The experiment is part of a study by Nikhar Gaikwad of Columbia University and Gareth Nellis University of California. Posing as fictitious citizens, they sent letters to 2,993 municipal councillors in 28 Indian cities. The letters sought help in solving simple problems such as availing income certificates and fixing street lamps.
Half of the letter-writers claimed to be migrants, and the others posed as long-term residents of the city. They had Hindu as well as Muslim names. The councillors were given a phone number to call back.
Only 407 councillors (14%) returned the call. Locals were 24% more likely than migrants to receive a response, the authors find. Citizens posing as workers in high-skill occupations found more favour. Hindu names in letters got 23% more responses than Muslim ones.
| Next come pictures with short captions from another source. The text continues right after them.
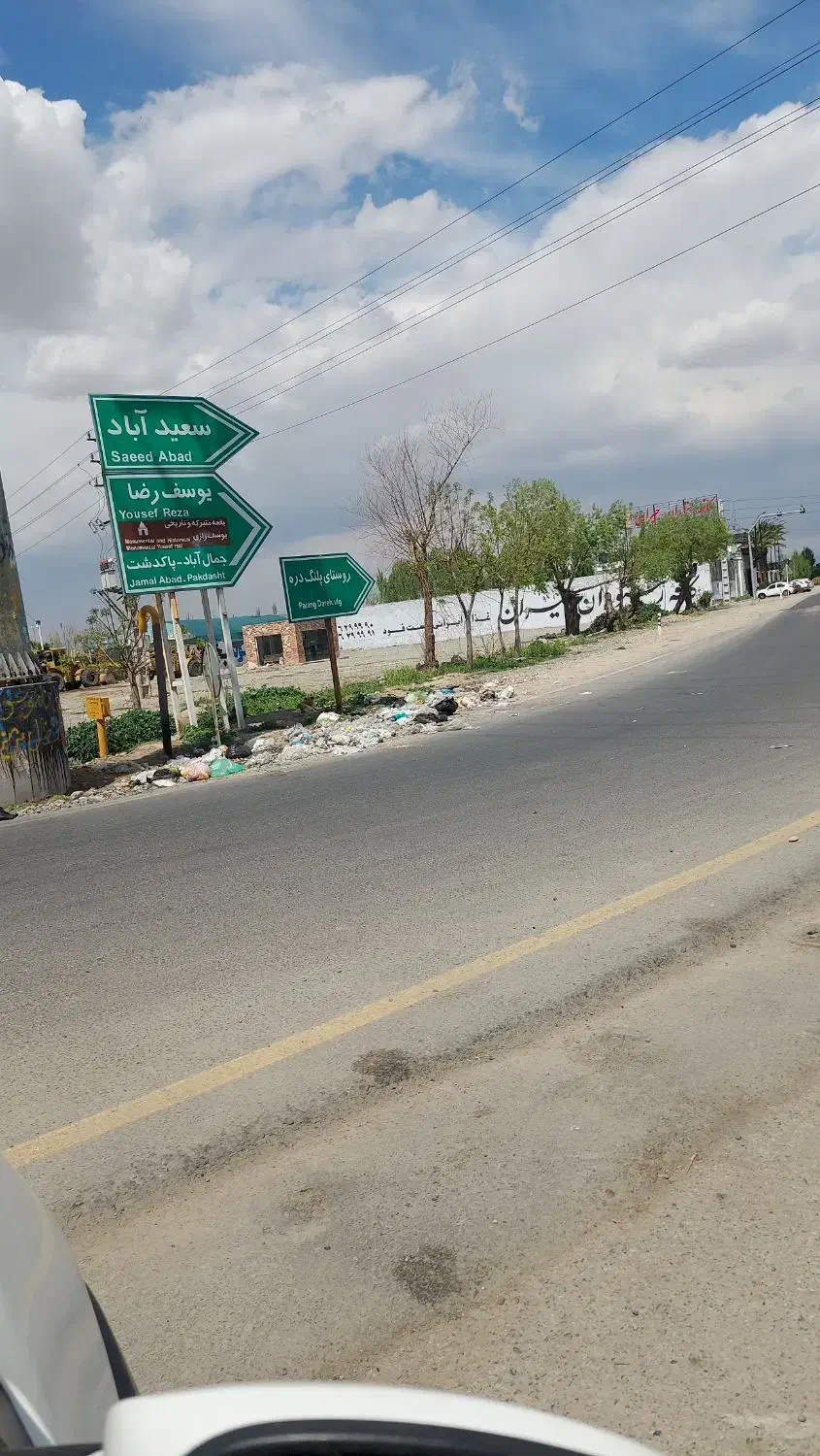 باغچه چهار دیواری ورامین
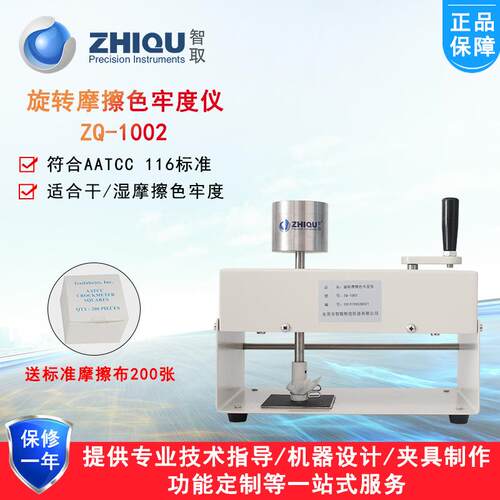 智取ZQ-1002AATCC旋转摩擦色牢度测试仪干湿摩擦色牢度仪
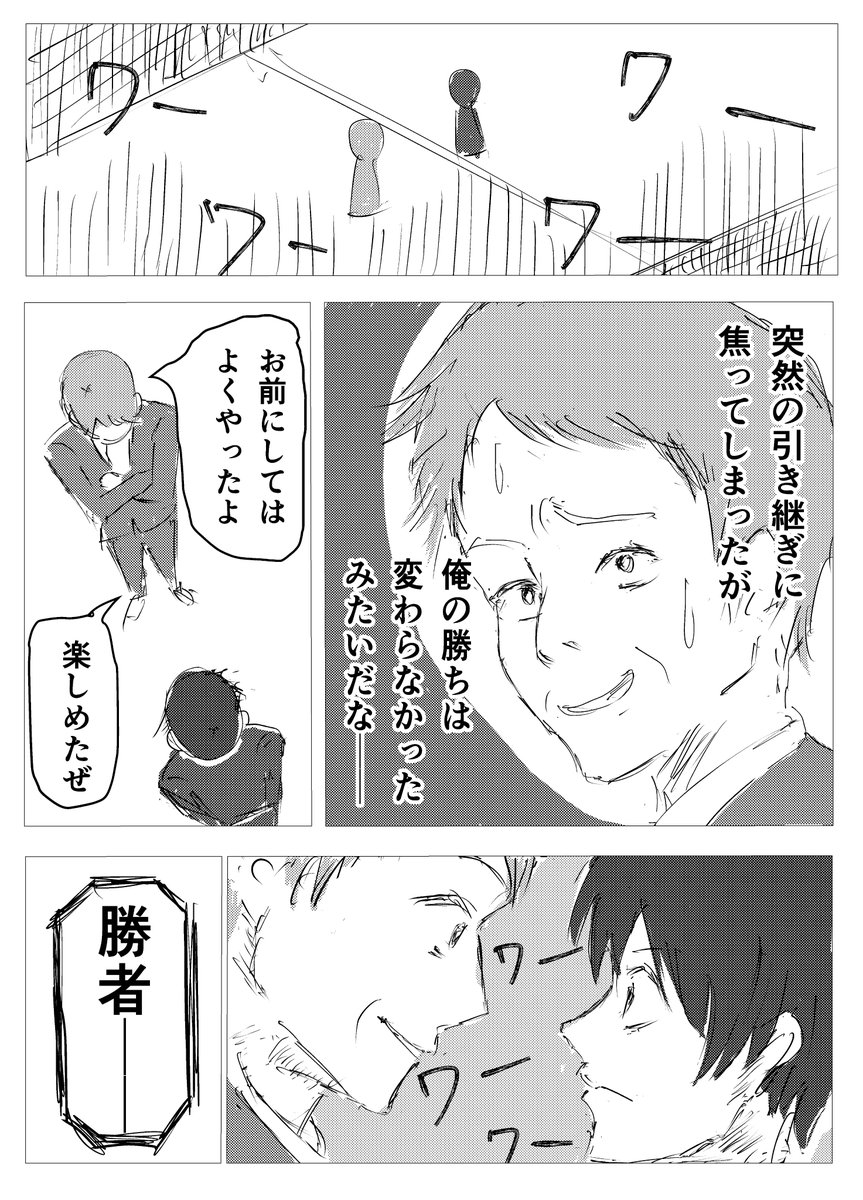 退職するのにバトルが必須になった世界の話『退職バトル』 (15/17)
#退職バトル
#コルクラボマンガ専科
#漫画が読めるハッシュタグ https://t.co/1nixxOvJjn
In another experiment, the councillors were sent help requests via text messages. But this time, the messages indicated whether the citizen was a registered voter in the city. The gap between residents and migrants declined, showing politicians treat both equally if they are voters in the city, the authors say.
A follow-up survey found that 97% of the councillors believed that a long-term resident would be a registered voter. The same figure for migrants was 51%. This could explain why they responded more to locals, the authors conclude.
For better representation and for politicians to heed welfare requests from migrants, it is important to encourage them to register for city elections, the authors conclude.